Hirschsprung Risk Faktörleri
Hirschsprung hastalığının ortaya çıkmasında genetik ve çevresel faktörler rol oynamaktadır. Öncelikle cinsiyetin erkek olması, bu hastalık için daha fazla risk taşındığını göstermektedir. Hirschsprung hastalığı olan kişilerin ailesinde yeni doğacak bebeğin de bu hastalığın riskini taşıdığı söylenebilmektedir. Down sendromu gibi kalıtsal hastalıklar, bu hastalığın riskini daha da artırmaktadır.

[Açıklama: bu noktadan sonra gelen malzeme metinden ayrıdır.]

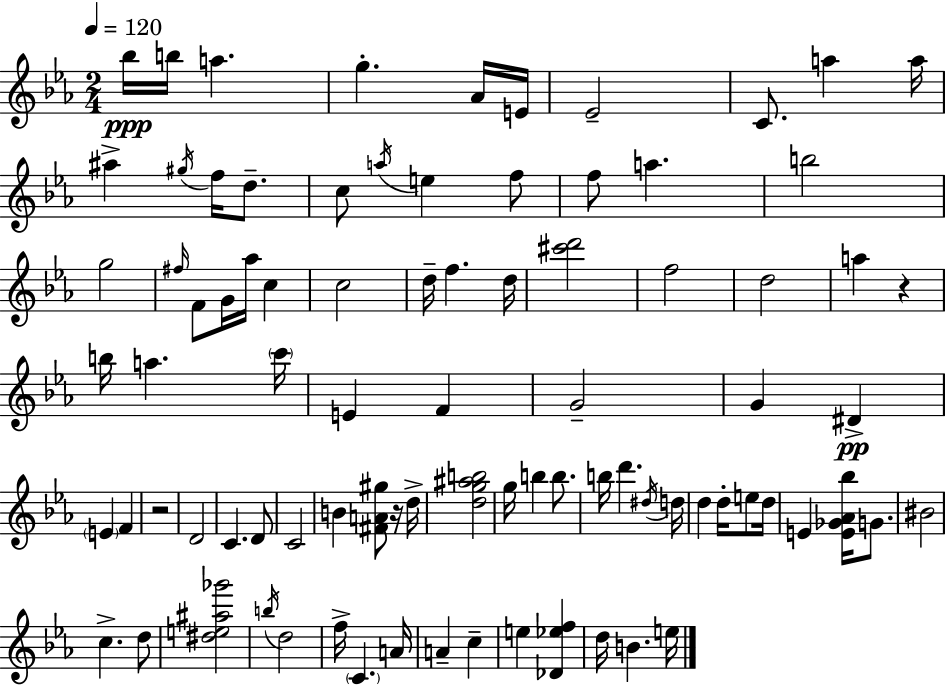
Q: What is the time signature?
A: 2/4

Hirschsprung Hastalığı Tanısı
Hirschsprung hastalığı teşhisinin konulması için öncelikle hastanın öyküsü dinlenmelidir. Hastalığın semptomlarını taşıyan bebeklerde karın grafisi çekilmektedir. Röntgen filminde geniş ve gaz dolu kalın bağırsak görünümü görüldüğünde bir diğer tanı yöntemi olan kolon grafisine başvurulmalıdır. Kolon grafisinde kalın bağırsağa opak madde verilerek aşağıdaki daralmış barsağın üzerindeki genişlemiş barsak görüntüsü tanıyı destekler. Kolon grafisinde şüphe olması halinde kesin tanı rektumdan alınan biyopsi ile konulur. Ancak bu hastalıkta tecrübesi yüksek radyolog ve çocuk cerrahları için kolon grafiside yeterli olur.
Hirschsprung Tedavisi
Hirschsprung tedavisi cerrahi olarak yapılmaktadır. Cerrahi öncesinde hastaya lavman yapılarak barsaktaki gaz ve dışkı çıkartılmaktadır. Bu şekilde hasta ameliyata kadar olan süreçte rahatlamaktadır. Bazı hastalarda kolonun her yeri bu hastalıktan etkilenmekte ve uzun bir süre besin, sıvı ve sodyum takviyesi gerekebilmektedir.
Cerrahi yöntemle tedavideki hedef, içerisinde hücre bulunmayan kısmın çıkartılıp hücre bulunan kısmın anüs veya bağırsağa bağlanmasıdır. Cerrahi tedavi; bebeğin yaşı, çalışmayan bağırsağın uzunluğu gibi detaylara bağlı olarak birkaç aşamalı olarak gerçekleştirilebilir. Cerrahi tedavide Swenson, Duhamel ve Soave ameliyat yöntemleri mevcuttur. Ameliyatın bazen tek aşamalı gerçekleşmesi, bazen de ilk olarak kolostomi yapılarak diğer yöntemlerin sonraki ameliyatla gerçekleştirilmesi mümkündür. Hirschsprung tedavisinin başarılı geçme şansı erken tanı konulması ve bağırsağın hasarlı bölümünün kısa olmasıyla bağlantılıdır.
Hirschsprung ameliyatında, dışkıyı kontrol eden anal kanal ve sfinkter kaslarının korunması yani hasar görmemesi gerekmektedir.